How many lines of the data contain the word "Dress"? Give only that number.

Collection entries
::::::::::
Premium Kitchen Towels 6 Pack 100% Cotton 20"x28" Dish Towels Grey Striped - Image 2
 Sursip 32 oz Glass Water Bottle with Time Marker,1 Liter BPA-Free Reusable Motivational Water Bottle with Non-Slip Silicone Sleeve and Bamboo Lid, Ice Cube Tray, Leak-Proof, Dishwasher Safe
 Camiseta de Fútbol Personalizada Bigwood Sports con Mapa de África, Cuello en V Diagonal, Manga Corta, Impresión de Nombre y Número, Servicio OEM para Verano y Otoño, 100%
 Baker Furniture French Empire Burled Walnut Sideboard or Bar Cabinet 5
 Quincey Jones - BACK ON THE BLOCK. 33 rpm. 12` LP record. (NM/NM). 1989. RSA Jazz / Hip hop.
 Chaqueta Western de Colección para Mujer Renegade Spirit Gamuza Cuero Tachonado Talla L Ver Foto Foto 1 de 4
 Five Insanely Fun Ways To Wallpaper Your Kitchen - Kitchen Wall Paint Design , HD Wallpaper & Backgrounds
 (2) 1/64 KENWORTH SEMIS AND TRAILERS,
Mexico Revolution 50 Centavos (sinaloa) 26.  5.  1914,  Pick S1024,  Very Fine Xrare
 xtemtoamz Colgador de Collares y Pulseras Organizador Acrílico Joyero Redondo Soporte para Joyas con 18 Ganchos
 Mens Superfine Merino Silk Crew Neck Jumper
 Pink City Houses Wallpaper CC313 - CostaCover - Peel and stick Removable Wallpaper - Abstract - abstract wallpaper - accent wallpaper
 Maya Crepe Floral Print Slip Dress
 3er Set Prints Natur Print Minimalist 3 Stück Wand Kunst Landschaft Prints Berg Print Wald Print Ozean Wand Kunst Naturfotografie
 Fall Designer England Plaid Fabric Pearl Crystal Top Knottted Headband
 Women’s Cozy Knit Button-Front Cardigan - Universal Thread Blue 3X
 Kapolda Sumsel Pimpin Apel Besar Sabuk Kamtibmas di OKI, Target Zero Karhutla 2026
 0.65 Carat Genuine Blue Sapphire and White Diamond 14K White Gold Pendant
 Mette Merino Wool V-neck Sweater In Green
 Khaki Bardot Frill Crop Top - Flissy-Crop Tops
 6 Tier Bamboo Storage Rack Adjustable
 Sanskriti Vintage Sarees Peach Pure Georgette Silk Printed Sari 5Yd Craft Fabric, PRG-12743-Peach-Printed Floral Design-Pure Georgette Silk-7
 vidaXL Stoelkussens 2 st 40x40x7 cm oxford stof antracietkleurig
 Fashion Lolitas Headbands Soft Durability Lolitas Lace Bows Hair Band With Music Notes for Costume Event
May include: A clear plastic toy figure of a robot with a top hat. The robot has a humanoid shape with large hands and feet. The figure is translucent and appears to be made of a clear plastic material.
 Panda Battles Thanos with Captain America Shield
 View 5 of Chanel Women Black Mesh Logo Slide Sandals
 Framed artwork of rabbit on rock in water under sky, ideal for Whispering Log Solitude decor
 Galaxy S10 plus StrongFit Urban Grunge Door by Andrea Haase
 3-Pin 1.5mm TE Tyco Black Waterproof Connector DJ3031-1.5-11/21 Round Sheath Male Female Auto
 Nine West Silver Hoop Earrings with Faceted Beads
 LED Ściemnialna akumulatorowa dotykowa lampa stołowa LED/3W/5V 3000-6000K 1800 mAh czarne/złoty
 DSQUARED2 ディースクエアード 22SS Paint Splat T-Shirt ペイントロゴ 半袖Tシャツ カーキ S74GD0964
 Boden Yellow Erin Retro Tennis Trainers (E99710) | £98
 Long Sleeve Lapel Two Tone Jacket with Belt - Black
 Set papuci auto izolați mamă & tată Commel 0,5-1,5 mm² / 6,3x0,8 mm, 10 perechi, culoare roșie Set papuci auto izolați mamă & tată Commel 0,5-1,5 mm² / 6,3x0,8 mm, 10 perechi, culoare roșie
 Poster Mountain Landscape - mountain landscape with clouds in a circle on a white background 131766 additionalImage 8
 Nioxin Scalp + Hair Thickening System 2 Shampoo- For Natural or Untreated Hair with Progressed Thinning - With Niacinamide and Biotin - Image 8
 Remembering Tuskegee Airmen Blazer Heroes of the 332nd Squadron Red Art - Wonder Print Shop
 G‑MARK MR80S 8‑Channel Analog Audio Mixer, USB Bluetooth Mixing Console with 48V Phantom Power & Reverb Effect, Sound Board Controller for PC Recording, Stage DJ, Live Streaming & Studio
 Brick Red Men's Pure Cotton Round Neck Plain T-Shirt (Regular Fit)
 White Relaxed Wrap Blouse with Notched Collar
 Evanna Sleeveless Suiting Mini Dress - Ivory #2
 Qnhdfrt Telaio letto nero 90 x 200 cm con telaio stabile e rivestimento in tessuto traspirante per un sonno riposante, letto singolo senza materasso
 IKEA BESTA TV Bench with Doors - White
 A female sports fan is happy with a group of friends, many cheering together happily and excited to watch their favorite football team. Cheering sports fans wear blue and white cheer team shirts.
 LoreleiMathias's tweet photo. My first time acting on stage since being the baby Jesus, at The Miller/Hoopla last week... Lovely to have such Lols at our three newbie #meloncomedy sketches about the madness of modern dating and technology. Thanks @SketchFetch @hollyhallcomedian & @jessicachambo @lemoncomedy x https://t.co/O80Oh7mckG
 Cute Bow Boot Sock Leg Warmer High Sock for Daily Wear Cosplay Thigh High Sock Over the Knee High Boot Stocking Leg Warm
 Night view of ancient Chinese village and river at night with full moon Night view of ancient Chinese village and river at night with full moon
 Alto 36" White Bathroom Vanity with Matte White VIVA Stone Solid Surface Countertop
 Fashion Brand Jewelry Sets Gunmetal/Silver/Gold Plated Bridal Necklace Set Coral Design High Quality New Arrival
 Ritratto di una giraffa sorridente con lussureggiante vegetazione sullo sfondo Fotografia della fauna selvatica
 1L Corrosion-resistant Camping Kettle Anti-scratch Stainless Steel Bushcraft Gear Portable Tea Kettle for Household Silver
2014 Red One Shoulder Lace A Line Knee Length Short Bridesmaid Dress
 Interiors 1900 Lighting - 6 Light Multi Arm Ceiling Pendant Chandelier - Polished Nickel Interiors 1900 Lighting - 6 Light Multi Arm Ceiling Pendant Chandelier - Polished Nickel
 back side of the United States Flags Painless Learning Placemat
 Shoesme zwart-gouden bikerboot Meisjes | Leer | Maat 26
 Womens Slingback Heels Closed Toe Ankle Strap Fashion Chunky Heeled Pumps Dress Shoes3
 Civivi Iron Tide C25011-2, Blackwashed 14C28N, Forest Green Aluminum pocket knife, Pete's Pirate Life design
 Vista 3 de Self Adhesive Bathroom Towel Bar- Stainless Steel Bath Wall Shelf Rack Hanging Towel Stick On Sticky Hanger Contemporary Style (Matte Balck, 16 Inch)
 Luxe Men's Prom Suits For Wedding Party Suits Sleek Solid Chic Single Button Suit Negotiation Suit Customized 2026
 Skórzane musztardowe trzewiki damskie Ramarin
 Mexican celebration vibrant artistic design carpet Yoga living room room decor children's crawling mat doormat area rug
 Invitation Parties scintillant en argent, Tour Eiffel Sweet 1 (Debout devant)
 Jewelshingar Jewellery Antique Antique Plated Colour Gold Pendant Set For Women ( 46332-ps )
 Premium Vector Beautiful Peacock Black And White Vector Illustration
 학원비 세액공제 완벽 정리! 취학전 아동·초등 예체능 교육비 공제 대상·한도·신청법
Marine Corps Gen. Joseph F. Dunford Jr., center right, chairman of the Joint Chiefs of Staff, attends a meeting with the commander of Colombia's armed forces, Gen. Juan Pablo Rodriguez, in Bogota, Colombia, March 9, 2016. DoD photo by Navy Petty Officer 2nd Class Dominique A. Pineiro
::::::::::
= Exercise solution =
4